What you need to know:
- Robert Madoi says: While sterner tests lie ahead, Uganda’s No.10 can hold his head high for now.
One of the most lovable aspects of Ivan Magomu’s ascent is how haphazard it has been. The idea that sport is broadly supportive of its flawed geniuses refuses to go away entirely.
Call it a proverbial second bite at the cherry or – more pointedly – shot at redemption, sport for the most part refuses to be a tale of missed opportunities. It does not punish us according to our iniquities.
You will remember the mercurial cricketer Kenneth Kamyuka bouncing back from off-field transgressions that cost him the national under-19 captaincy. He went on to write in broad brushstrokes some – if not the vast bulk – of Ugandan cricket’s greatest chapters.
Magomu’s story, in all its richness, emotional highs and lows, is testament to the dividends that are realised once a particular sport – the hand egg in this case – remains faithful to an accommodating approach.
There are various moments in his career when this hardly straitjacket fly-half committed self-harm with conscious volition.
He made a habit of chafing on the nerves of his colleagues and observers alike. It soon became clear that those Magomu had hurt wanted nothing to do with him.
Most observers did not shy away from stating what appeared obvious: it was curtains for this mercurial talent. A few others however held that while rugby turned its back on Magomu, with a hint of impatience, all would be forgiven. They were right on the money.
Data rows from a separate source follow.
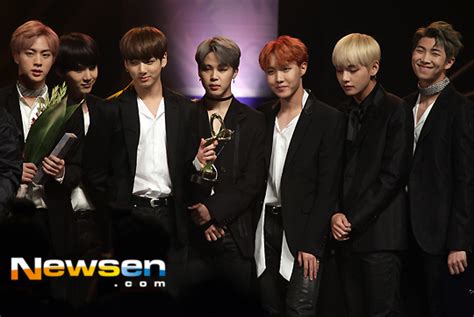 방탄소년단 美 ‘틴 초이스 어워즈 2관왕 등극 ‘인터내셔널 아티스트 손에 잡히는 뉴스 눈에 보이는 뉴스 뉴스엔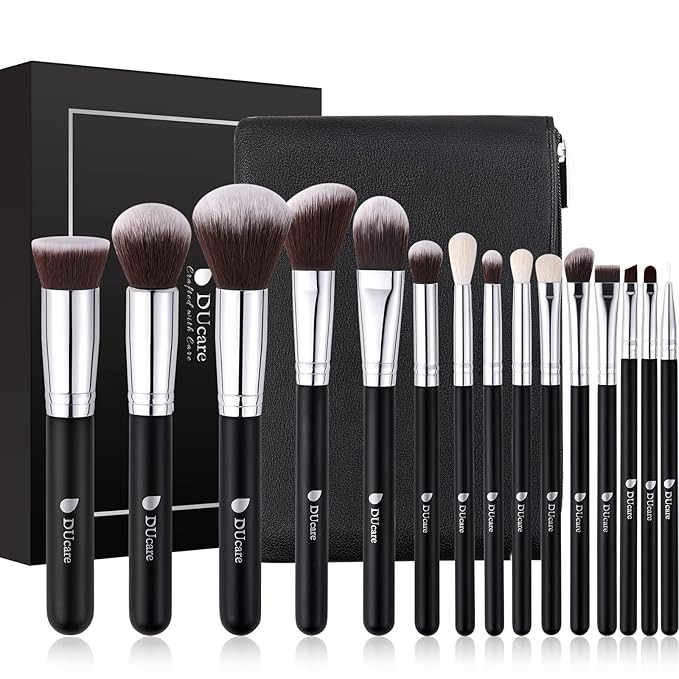 DUcare Makeup Brushes with Bag,15Pcs Makeup Brush Set Travel Kabuki Foundation Blending Blush Eye... | Amazon (US)
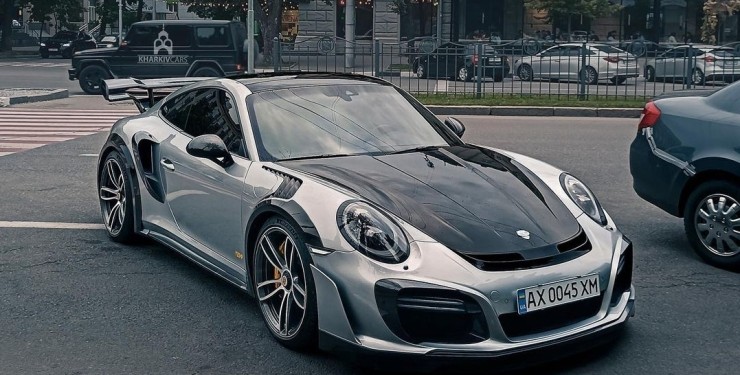 В Україні помітили спорткар Porsche вартістю 400 000 доларів (Фото)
Last weekend, Magomu captained Uganda as it scored a convincing 53-12 win over Ghana in a Rugby Africa Cup at Kyadondo Rugby Grounds. Many that watched the Pool C encounter came away with the belief that the new Rugby Cranes captain has matured in thought and deed.
After failing to convert Faraji Odugo’s early try and minutes later find touch, change was the only recourse. At least in the book of every dispassionate observer. Thankfully, this was an assessment with which Magomu himself swiftly concurred.
That act of selfless devotion showed just how the No.10 is willing to match the scale of a challenge with maturity. He had the presence of mind to know that throwing toys out of the pram would be counterproductive. Instead, he served the Rugby Cranes cause with strident fidelity.
You need not to wait for history to judge a captain who vents anger at personal tribulations a colossal failure. Rugby is a game of fine margins. It can be quite punishing on reputations. If a captain fails to – pun intended – think on his feet, the prospect of things going south becomes all the more apparent.
This is a fate that befell Asuman Mugerwa during his short-lived stint as Rugby Cranes captain. In one particular Test match against Kenya in 2019, Mugerwa persisted with Philip Wokorach as kicker even when it was conspicuous that the talented fullback had not come with his kicking boots.
Uganda mirrored Mugerwa in his lack of direction and substance by losing at the hands of not just Kenya but also Zimbabwe.
Ghana, of course, cannot be mentioned in the same breath as Kenya and Zimbabwe. Magomu is no doubt acutely aware of this. The adjustments he nevertheless mustered up last weekend show that he will grow in his new role as national captain.
Besides the switch in kicking duties, he did not allow the absence of a 16th man to mine destructive impulses. Many observers had expected him to have a stinker seeing as his playing style appears to derive a powerful thrust from the roar of fans. He did the basics at a turn, albeit in a somewhat stuttering backline.
While sterner tests lie ahead, Uganda’s No.10 can hold his head high for now.